Turning Back the Pages

In establishing a name for the town, the community leaders considered naming it for Judge Kitchel Bishop, a man of prominence, who settled here in 1804, the same year James Warren did. Bishop, a farmer, lived on the lands where Peter Haggerty and his neighbor Eileen Frasier live today on Main Street opposite the Presbyterian Church. Incidentally, legend has it that it was on Miss Frasier’s property in 1826 that author James Fenimore Cooper, while on his Adirondack vacation, penned a section of his book “The Last of the Mohicans.”

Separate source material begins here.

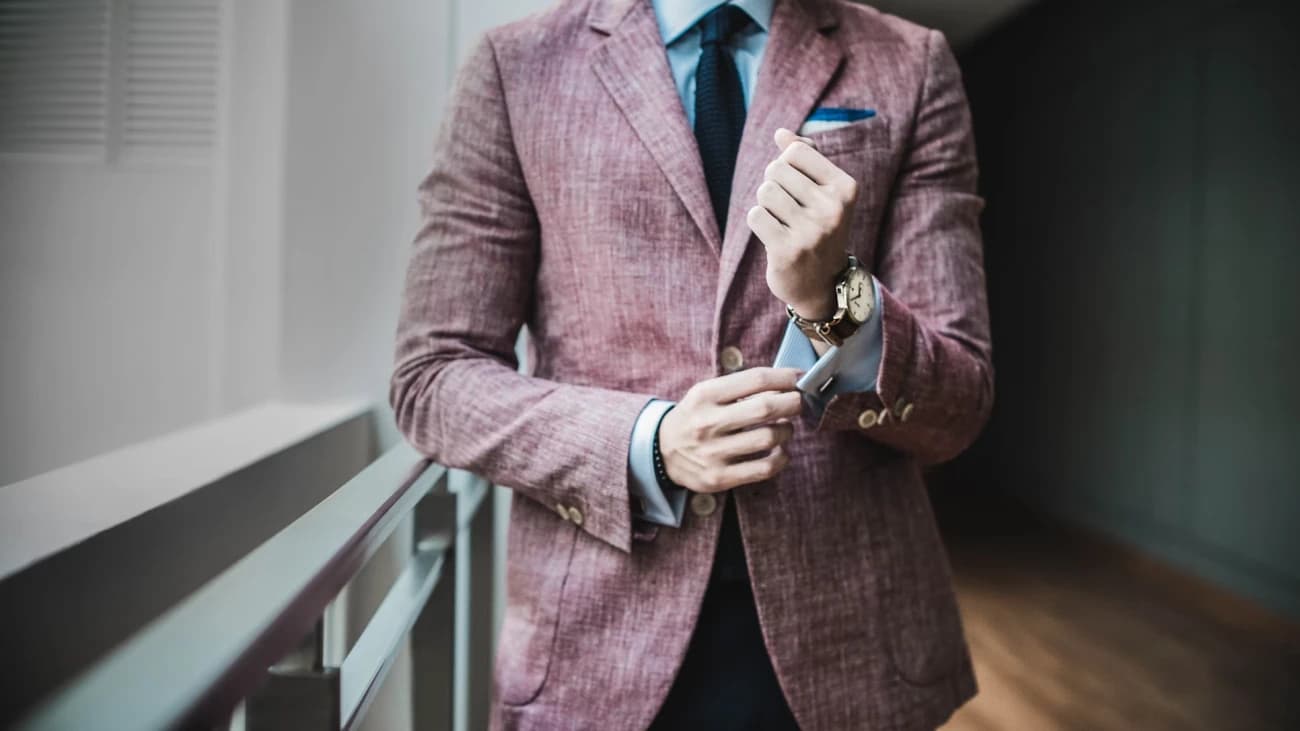 Sweter Marynarka - Klasyczny i elegancki look na każdą okazję!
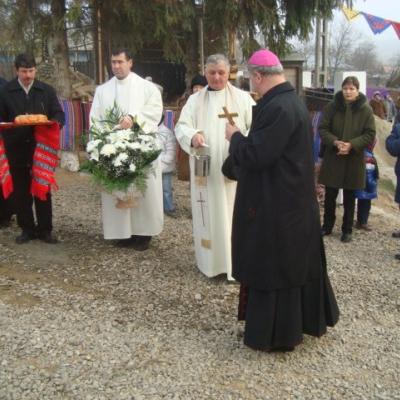20 noiembrie: Bogdăneşti: Sfinţirea pietrei de temelie a noii biserici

At that first town meeting, James L. Thurman, a prosperous farmer, became the first supervisor of the new town of Warrensburgh. He came here from Athol and lived in the old Samuel Judd farm house overlooking the Judd Bridge with his wife and three children, Susan, Charles and Samuel Thurman. The house was originally the Timothy Stow place and today known in recent years as Austin Perry’s Kit ‘n Kin Horse Farm. Following James Thurman as supervisor of Warrensburgh in 1814 and 1815 was Harmon Hoffman. In 1813 Duncan Cameron became the first supervisor of Thurman.

Transportation in the new ‘Burgh

Traversing Warrensburgh from east to west in the early days was very difficult because the Schroon River split the town in two portions. Many years after the town was founded, a total of five bridges were built in town at great cost.

I used to wonder how Stephen Griffing ever got past this watery roadblock when he passed through here in 1800 from Dutchess County with his family, horses, wagons and worldly goods to settle in Thurman. It later occurred to me that coming up on the historic old north-south trail, probably what is now Rte. 9, he traveled through the woods on today’s Baker Crossing Road, then followed the Schroon River north to Thurman. When he arrived at the area where Thurman Bridge had yet to be built, the ice blocked him from crossing the river and he had to camp out until not only the ice melted, but the Spring high waters to recede. The first Thurman Bridge, built of wood for about $4,000, was not constructed there until 1836.